Putin's Bikers Claim 'Secret' Entry to EU Despite Poland Ban

Night Wolves
A member of the Russian motorcycle group Night Wolves arrives at the former Nazi concentration camp in Dachau near Munich, Germany May 4, 2015. The group stirs controversy annually when it tries to retrace the steps of the Red Army on the way to Berlin. Michaela Rehle/Reuters

Members of the Russian pro-Kremlin biker group Night Wolves have managed to enter the EU covertly on their way to Berlin, despite Poland refusing them entry, Russian state news agency Itar-Tass reports.

Night Wolves, who count Russian President Vladimir Putin as one of their riding buddies, seek to reach the German capital by May 9—the date of the end of World War II. Their controversial journey is not only meant to replicate the Soviet Red Army's western push in 1945, but also sees them pass through Eastern Europe's Soviet military cemeteries, where their veneration is not unanimously accepted and illegal in some cases.

Night Wolves attempted the journey last year and scores of their members were immediately turned back from EU members Lithuania and Poland on their borders with Belarus. According to Austrian and German reports only a handful of members managed to reach anywhere further west than the Czech Republic and they were traveling in a car then, to detract attention.

The group, who are announced they are setting on the trip last month, were barred from entering Poland again last week.

Night Wolves members claim to have managed to enter the EU anyway and are in Slovakia, which borders only other EU members and Ukraine.

The leader of the Berlin ride-along, Andrei Bobrovskiy, told Tass on Sunday the group would head toward the Czech Republic on Tuesday and when asked how the group entered the EU, he said "it's top secret."

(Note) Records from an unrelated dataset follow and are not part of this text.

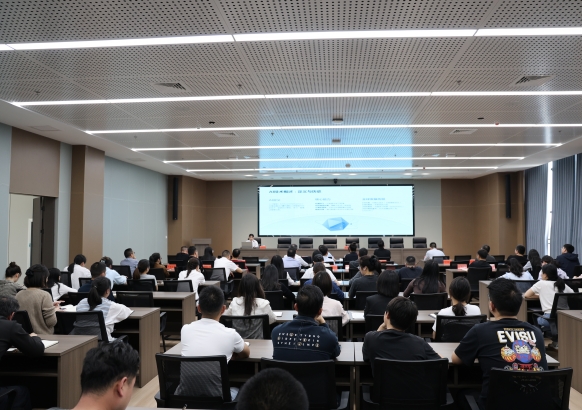 “拥抱科技 提升能力”AI也是生产力 |QY千亿球友会干部素质提升年培训活动 第二期开讲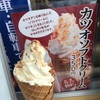 道の駅なかとさ、驚愕のカツオソフトクリーム＆久礼ペチーノがおすすめだとさ。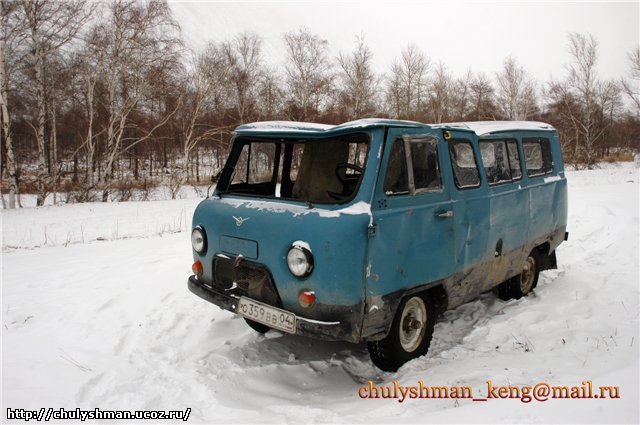 125_chulyshman.jpg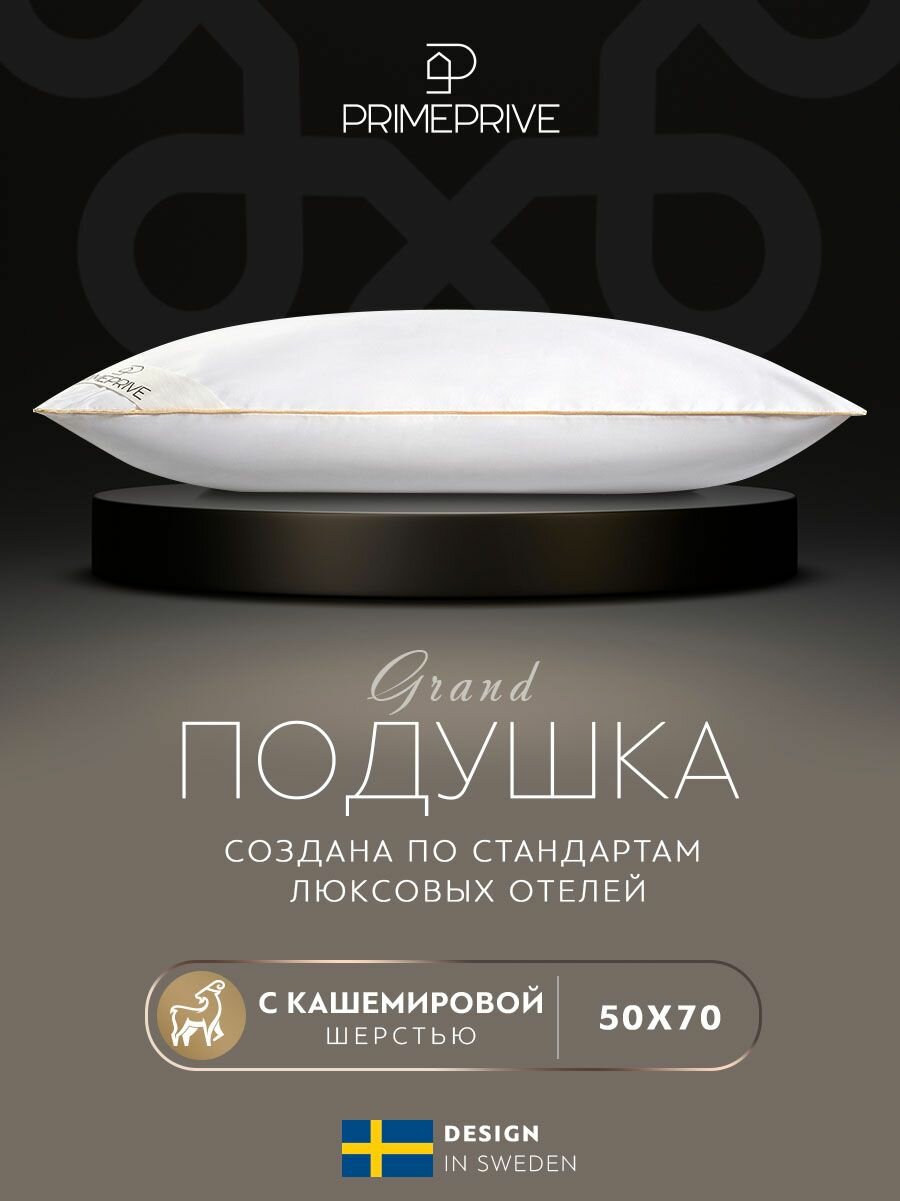 PRIME PRIVE Подушка для сна 50х70 "Cashmere" кашемир, микроволокно "Climalast" 700 грамм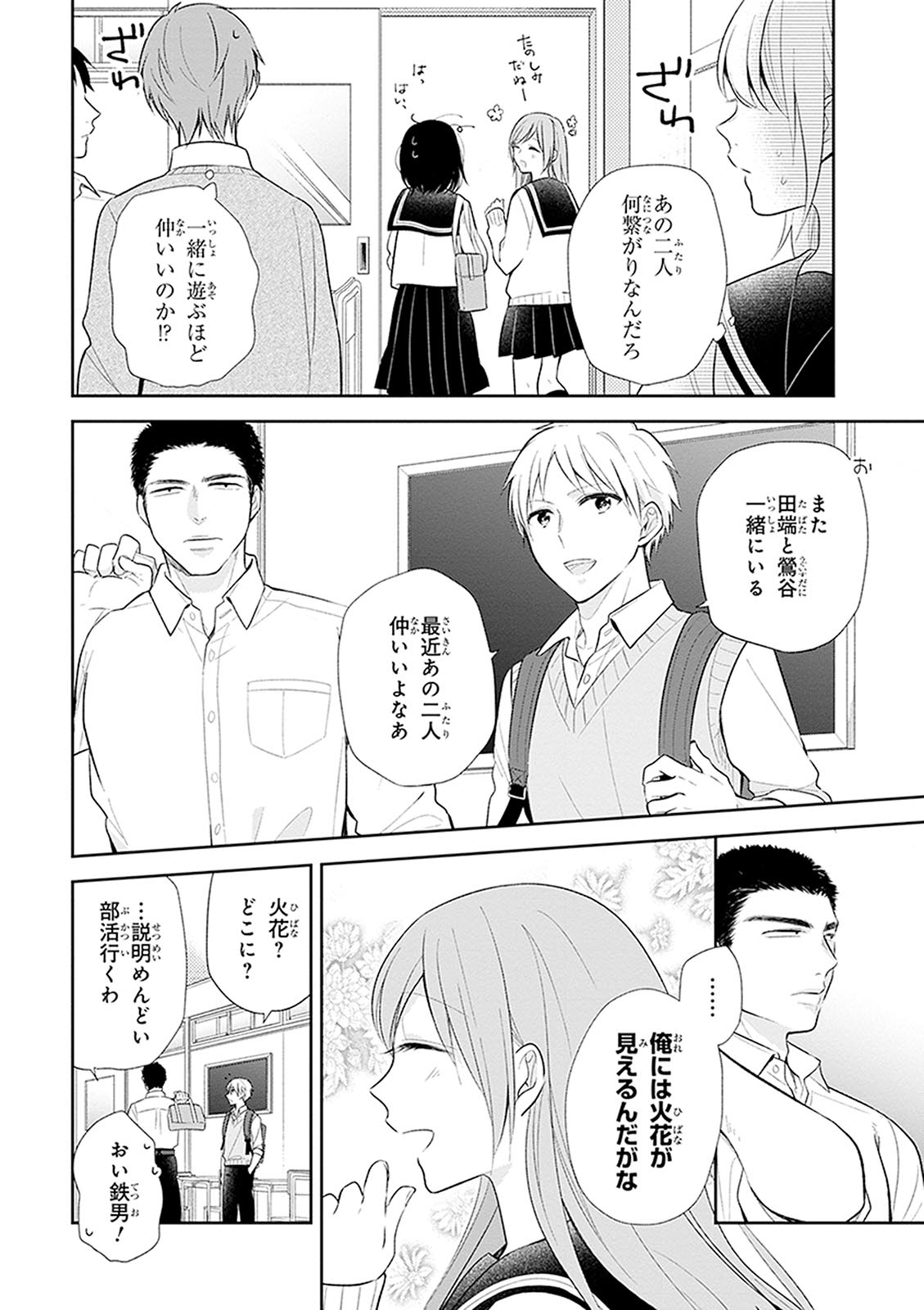 Busu ni Hanataba wo. - Chapter 7 - Page 5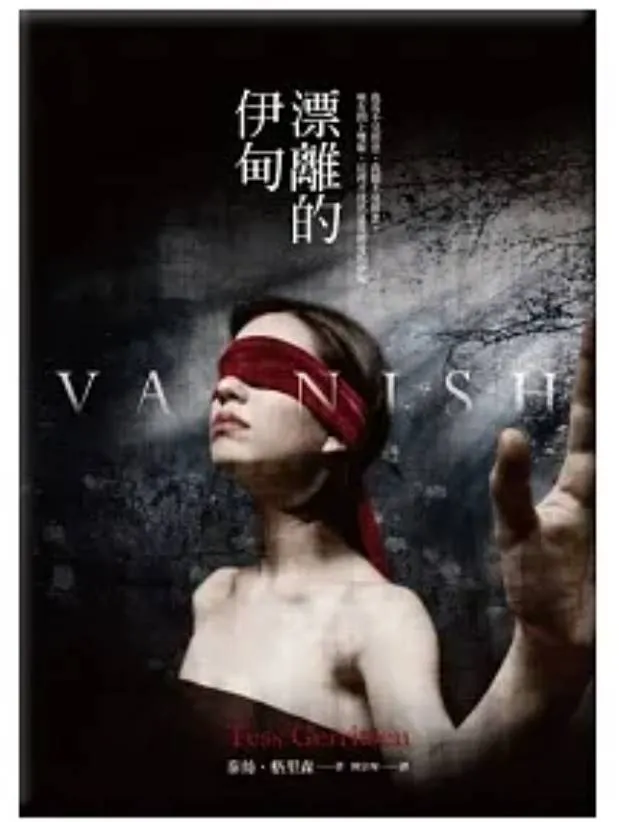 [作者：泰絲.格里森/Tess Gerritsen][譯者： 莊瑩珍][出版社：春天出版社][出版日期：2010/09/28]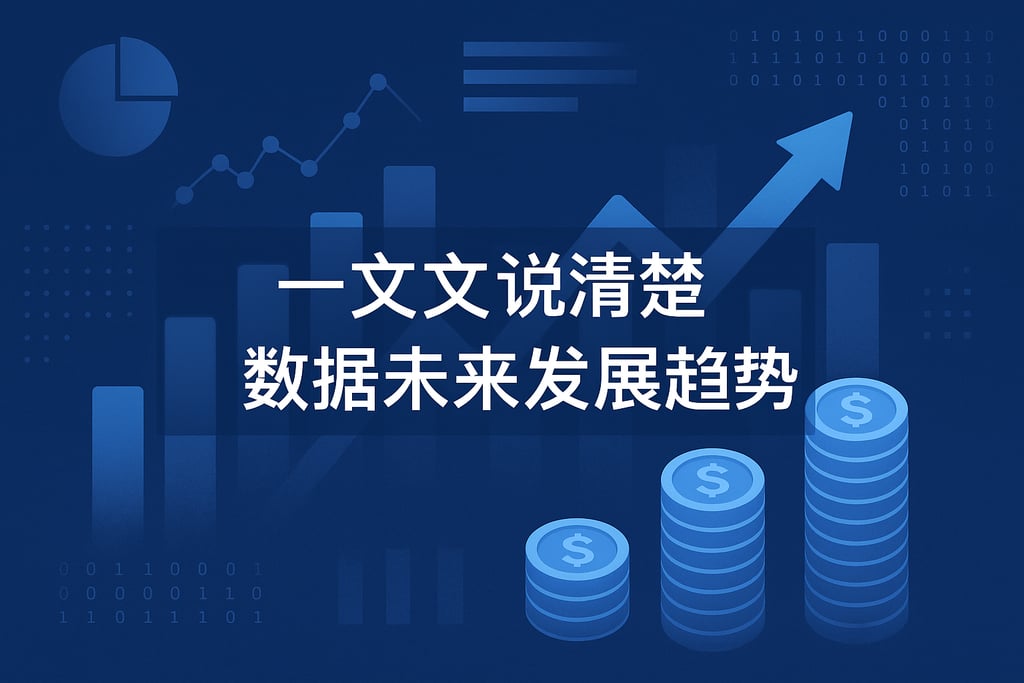 一文说清楚数据未来发展趋势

Polish broadcaster TVP Info cited one of the bikers, saying that a handful of the bikers were allowed in Poland because they had German, Slovak and non-Russian passports.

Bobrovskiy was undismayed by the attempt to ban the bikers, estimating that currently around 20 Night Wolves are moving towards Berlin, but anticipated that in the coming week, the group would amass "several hundred" followers on two wheels. He did not make clear how or why more bikers would appear.

Night Wolves have received considerable financial backing from the Russian state for organizing events deemed to encourage the Kremlin's brand of patriotism. They have also taken part in recruitment efforts of the armed forces and have faced allegations of assisting pro-Russian rebels in Ukraine.

The group's leader, Alexander Zaldostanov, said in a Russian-language interview last year he would "do anything to keep any creature from getting up close to" on Putin.